Böyle olması ne ilk, ne de sondur.
Yani, bu sadece bugünün sorunu ve yalnız bizim başımıza gelen bir olay değildir.
Zaman zaman belirli bir arkadaş grubu içinde ortak referanslara sahip olduğumuz din tanımı ve algımız üzerine yaşadığımız farklı pratikler ve düşünce biçimlerimizde ortaya çıkan problemler üzerine birkaç cümle söylemek lazım gelirse eğer, dün birçok kavram ve terimlere yüklediğimiz anlamlara bağlı olarak krizler yaşıyoruz demektir.
Esasen yaşanan kriz, geçmişe dair inandığımız ve kabullendiğimiz ortak referanslardan kaynaklanmaktadır.

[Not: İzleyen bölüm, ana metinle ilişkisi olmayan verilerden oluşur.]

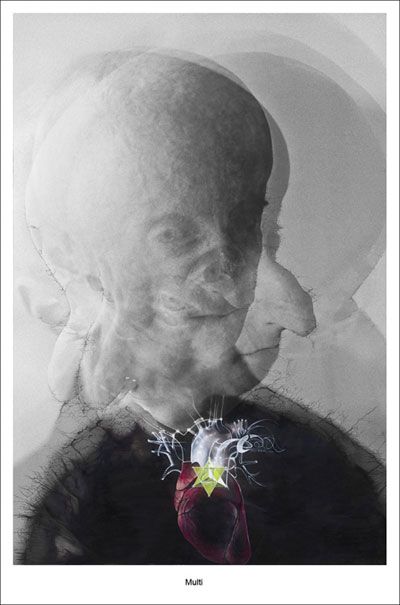 DJ Leon Botha и его страшная болезнь DJ Leon Botha и его страшная болезнь, прогерия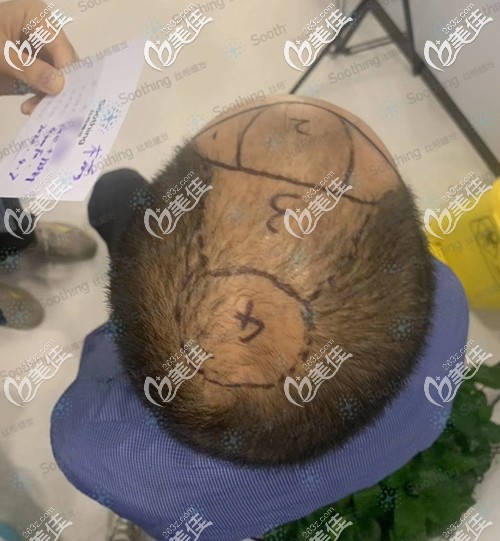 植發(fā)前設(shè)計(jì)了種植方案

Şurası muhakkaktır ki, bizler statik ilahi buyruklara bağlı kalarak gündelik hayatımızın, içine doğduğumuz ve yaşadığımız kültürün etkisinin yanısıra, kitaptan öğrendiğimiz sabit ilkelerden de beslenerek inançlarımızın bildirdiği temel değerlere bağlı pratikler ortaya koyup yeni bir dini yaşam, pratikler ve düşünme biçimleri inşa ediyoruz.
Bizlerin beşeri bir gayret ve çaba ile dine dair rettiğimiz düşünce ve pratikleri doğrudan din olarak tanımlayamaz ve tanımladığımız dini anlayışı başkalarına dayatamayız.
Böyle bir hakkımız olmadığı gibi bu bizim görevimizde değildir.
Bu sebeple, ortaya çıkan pratikler ve düşünme biçimi sadece bizlerin dinden anladığı ve yüklediği anlamdan ibarettir.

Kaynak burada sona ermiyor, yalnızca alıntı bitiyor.